Five ways to enjoy the ''Lord of the Rings'' exhibit. The Museum of Science in Boston hosts the exhibition's only stop Stateside

By Brian Hiatt
Updated August 03, 2004 at 04:00 AM EDT

Don’t tell Gollum, but we’ve found The Precious — and it’s in Boston. The One Ring itself, or rather, one of several ”One Rings” used onscreen, is among the artifacts on display at Boston’s Museum of Science in a new exhibition devoted to Peter Jackson’s blockbuster adaptation of J.R.R. Tolkien’s ”Lord of the Rings” trilogy. Here’s why ”LOTR” fans might want to forgo their New Zealand vacations this year in favor of a trip to Beantown (where the exhibit runs through Oct. 24).

1. You can visit the Hobbiton Mill. Many of the settings in ”LOTR” existed only as fantastically detailed miniatures.
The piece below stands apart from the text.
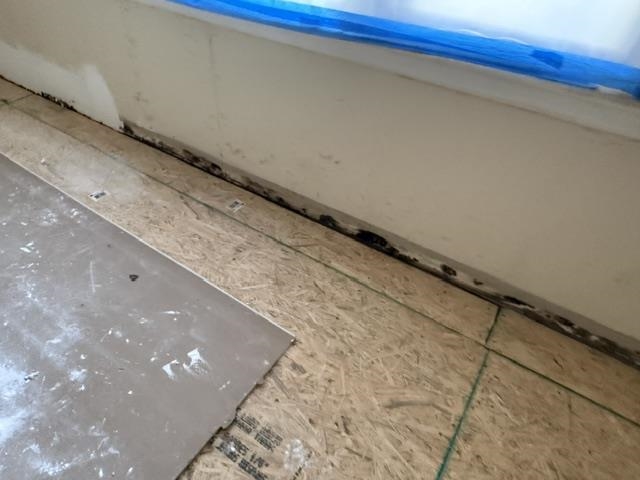 Image 31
So visitors can grab a Sauron’s-eye view of the Hobbiton Mill, the Tower of Barad-dur, and The Tower of Orthanc. ”They’re miniatures, but they’re gigantic miniatures,” says exhibit planner Ed Rodley. ”Some of them are too big to travel — Rivendell filled entire rooms They refer to them as big-iatures.”

2. Check out Aragorn’s duds. From Gandalf’s cloak, hat, and sword to Arwen’s equestrian outfit, the exhibit gathers clothing and props from every major character. ”That’s the thing that really brings it to life for me,” says Az James, who helped develop the exhibit for the Museum of New Zealand Te Papa Tongarewa. ”They made things that are absolutely perfect, but only appeared on screen for a second. It’s true craftmanship.”
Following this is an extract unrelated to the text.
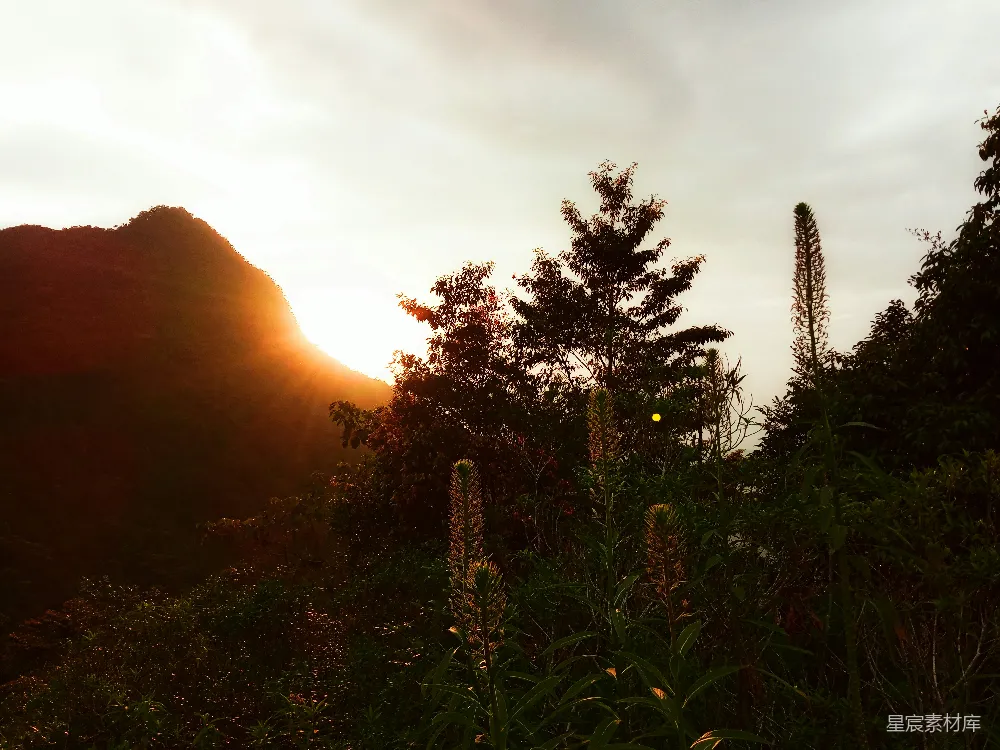 高清摄影 夕阳 山景 植物 自然 宁静 夕阳下的山间植物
3. Catch a creature feature. Want to meet Treebeard? A near-scale version of the friendly, ancient Ent is hanging out in the museum, as are a gigantic cave troll, a goblin, and detailed explanations of how the creatures came to flesh-chomping life.

4. Get cut down to Frodo’s size. Don’t tell anybody, but Elijah Wood isn’t THAT short. The forced-perspective tricks used to make the hobbits look teeny are illuminated in an exhibit that lets fans project themselves into a scene in ”Fellowship of the Ring” in which Gandalf and Frodo ride a donkey cart. ”There are two benches on two different scales, physically separated by a couple of feet, that a pair of cameras look at,” explains Rodley. ”When you composite those two images from those two cameras, the images seem to line up perfectly.”

5. Release your inner Gollum. Visitors can try out the motion-capture technology that sets Gollum a-crawlin’. Step in front of a special camera, and an on-screen digital doppelgänger — either a human, an orc, or an elf — will mimic your every move. And just like Andy Serkis (the actor who ”played” Gollum), you won’t get nominated for an Oscar — even if you really, really deserve one. Not that we’re bitter.